「息子に会社を渡したいんだけど、税金がすごくて踏み切れなくて」

ある製造業の社長からそんな相談を受けたのは、ちょうど決算の時期でした。純資産が約1億円の会社。このまま何もしなければ、株式評価額がほぼそのまま相続税の課税対象になります。試算してみると、承継にかかる税額は軽く数千万円の規模になることも珍しくありません。

「その数字、もしかしたら大きく変えられるかもしれません」と伝えたとき、社長の表情が変わりました。

株式評価額を合法的に圧縮する仕組み

会社の株を相続・贈与するとき、税務上の評価額は「純資産」や「収益力」をベースに計算されます。シンプルに言えば、会社の資産が多いほど税金も多くなる構造です。

ここで使えるのが、収益不動産を法人で保有するという設計です。

不動産を会社に購入させると、何が起きるか。土地は「路線価」で評価されます。これは時価の約80%が目安。さらにそのビルを第三者に賃貸している場合、建物は「借家権割合」によってさらに評価が圧縮されます。東京などでは借家権割合が30%なので、建物評価は時価より大幅に下がるわけです。

そして借入金を使って不動産を購入していれば、資産と同額の負債が計上されます。純資産=資産-負債ですから、借入が多ければ多いほど会社の純資産は小さくなり、株式評価額も下がる。この三つの仕組みを組み合わせることで、条件が揃えば承継税額を9割近く圧縮できた事例が実際に存在します。

具体的にどれくらい変わるのか

たとえば純資産1億円の会社が、5,000万円の収益マンションを借入全額で取得したとします。

取得直後の資産は1億5,000万円になりますが、負債も5,000万円増えるので純資産は変わりません。ところが税務上の評価では、マンションの土地は路線価ベース(時価の約80%)、建物は借家権割合を引いた評価額になります。結果として、帳簿上の純資産は変わらなくても、株式の税務評価額は大きく下がる可能性があります。

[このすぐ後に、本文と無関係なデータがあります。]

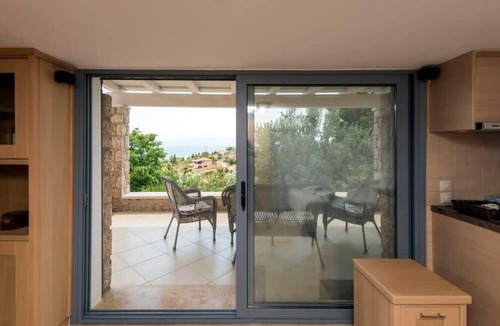 Kilada House | Porto Cheli Studio - Poolside Lux Getaway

もちろん物件の種類、立地、借入条件、会社の財務状況によって効果は大きく異なります。「必ず9割減る」という話ではなく、「設計次第でそこまで圧縮できるケースがある」という理解が正確です。

2024年の通達改正で「やりすぎ」は補正対象に

一方で、2024年1月にマンション評価に関する通達が改正されました。これまで時価と税務評価額の乖離が大きすぎるケースが問題視されており、一定の条件を超えると「評価を補正する」仕組みが導入されています。

簡単に言うと、「あまりにも実態からかけ離れた低評価はNGになった」ということです。タワマンを使った極端な節税スキームへの牽制が主な目的ですが、一般的な収益物件の活用まで封じられたわけではありません。

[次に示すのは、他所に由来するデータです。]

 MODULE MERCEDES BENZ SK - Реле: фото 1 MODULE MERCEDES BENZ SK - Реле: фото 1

重要なのは、通達改正後の現在でも、適切な設計のもとであれば不動産を活用した承継税の圧縮は十分に有効だという点です。「2024年以降は全部ダメ」という情報は誤解です。

特例の期限は2027年12月末

もう一つ、見落とせないのが「事業承継税制の特例措置」です。一定の要件を満たした非上場株式の承継について、贈与税・相続税の納税が猶予・免除される制度ですが、この特例を使うためには2027年12月31日までに「特例承継計画」を都道府県に提出している必要があります。

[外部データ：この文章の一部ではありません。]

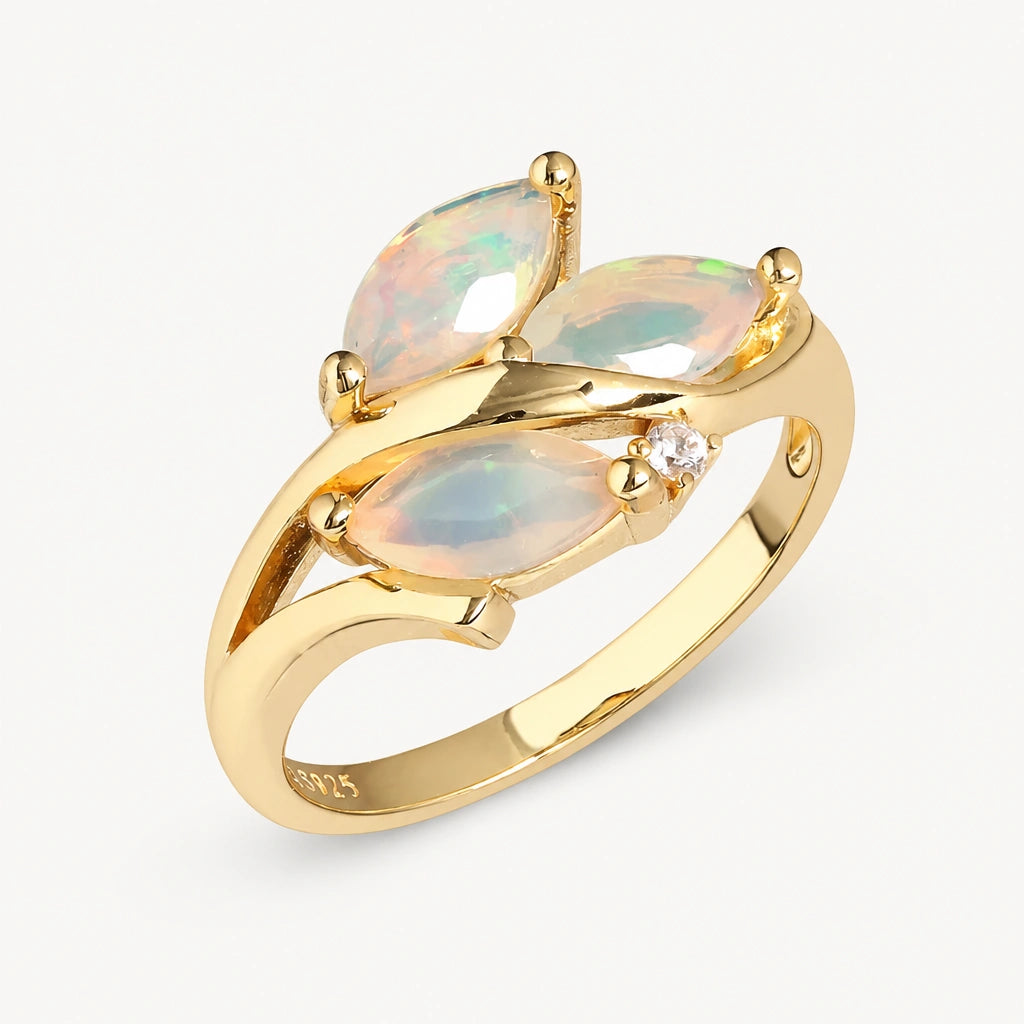 Opal Ring aus 925er Silber in Gelbgoldoptik mit drei Marquise-Steinen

「まだ時間がある」と思いがちですが、計画策定から税理士・弁護士との設計、金融機関との調整、不動産取得まで含めると、余裕は想像以上に少ないのが現実です。特に不動産を絡める設計は、物件の選定だけでも数ヶ月かかることがあります。

今すぐ動くべき理由

承継を「まだ先の話」として後回しにしている社長に、私はよくこう伝えます。「準備にかかる時間は、税理士の都合ではなく物件市場と金融機関の審査が決める」と。

収益不動産の活用は、購入→評価圧縮→承継という順序が必要です。直前に慌てて動いても、良い物件は選べないし、借入審査も通りにくい。早めに動き始めた人ほど、選択肢が広くなります。

まだ事業承継の税務設計を本格的に始めていないなら、2027年の期限を意識しながら、今期中に一度専門家に相談してみることをおすすめします。「うちはまだ早い」ではなく「早めに動くほど有利」という視点で、ぜひ一歩踏み出してみてください。

※本記事は一般的な情報提供を目的としています。具体的な税務判断は税理士にご相談ください。